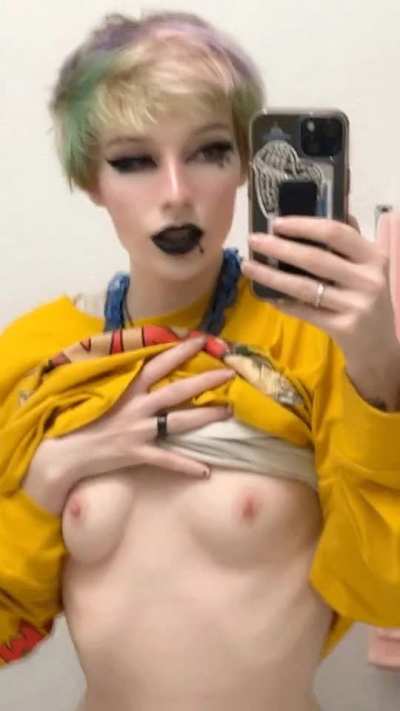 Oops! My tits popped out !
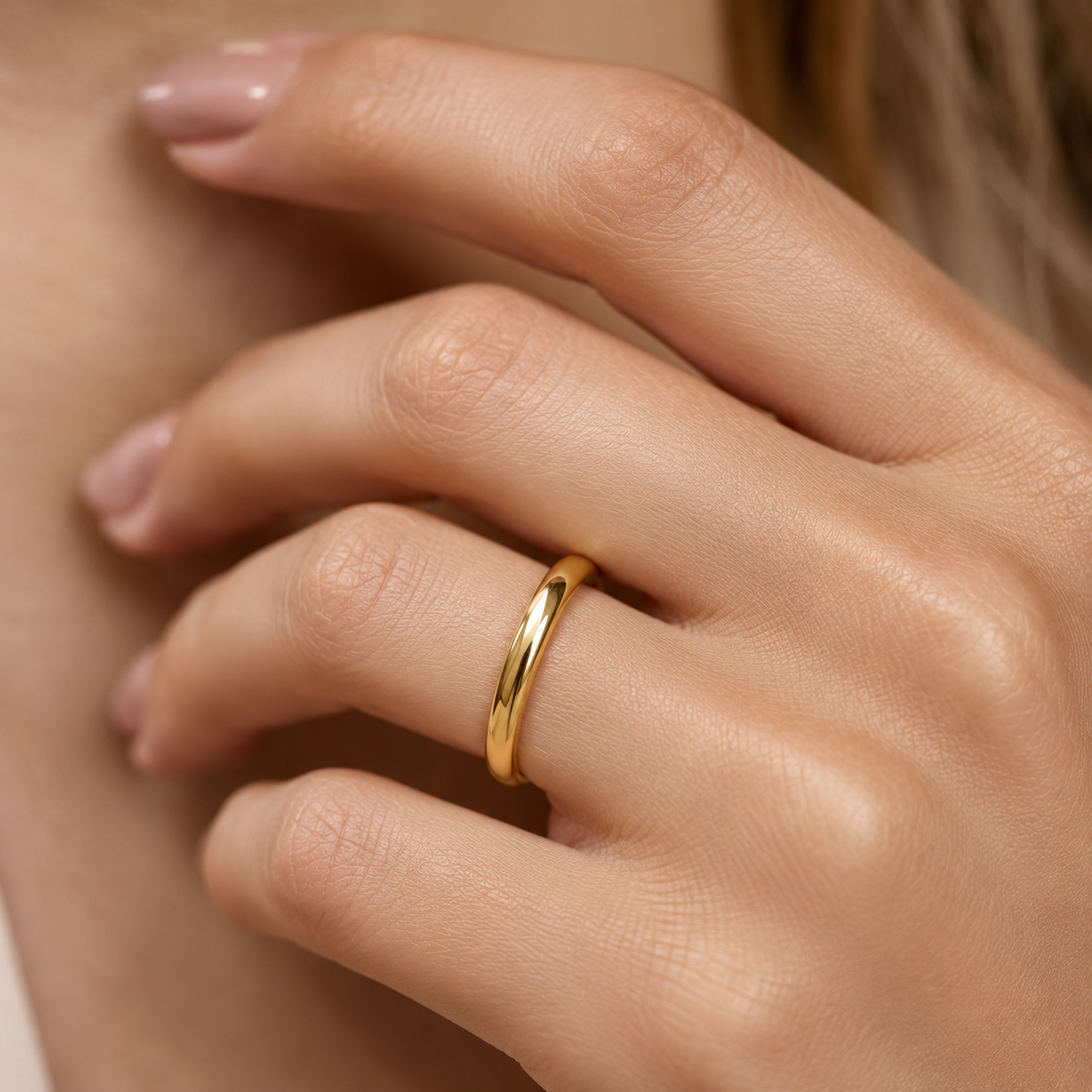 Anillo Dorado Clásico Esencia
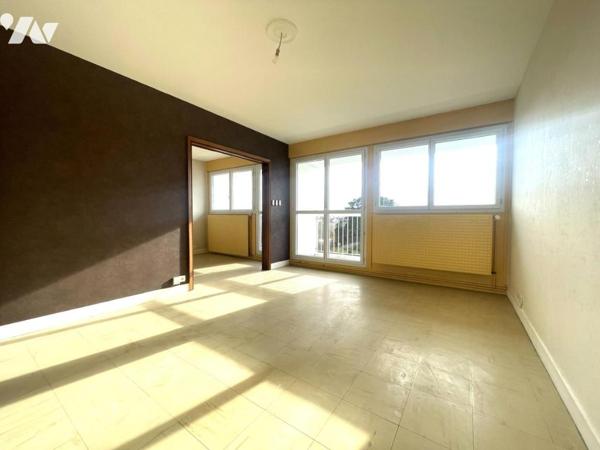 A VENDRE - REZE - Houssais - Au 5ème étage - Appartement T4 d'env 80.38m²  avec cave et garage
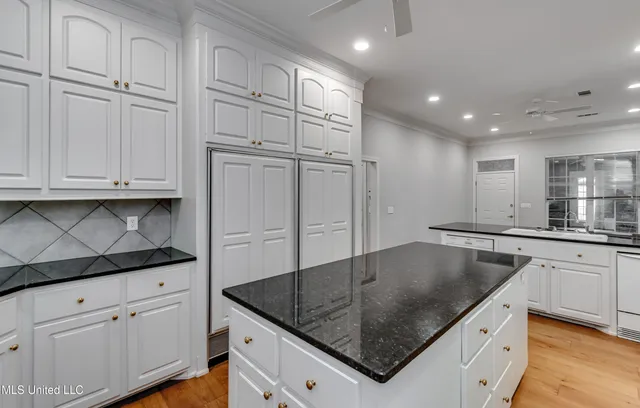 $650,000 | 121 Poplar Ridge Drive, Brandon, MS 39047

※ ※ ※

▶ _YOUR INSTRUCTIONS_
Only the pictures are to be left out, and all of the data must otherwise be transcribed exactly.

▶ _SOLUTION_
 Oops! My tits popped out !
 Anillo Dorado Clásico Esencia
 A VENDRE - REZE - Houssais - Au 5ème étage - Appartement T4 d'env 80.38m²  avec cave et garage
 $650,000 | 121 Poplar Ridge Drive, Brandon, MS 39047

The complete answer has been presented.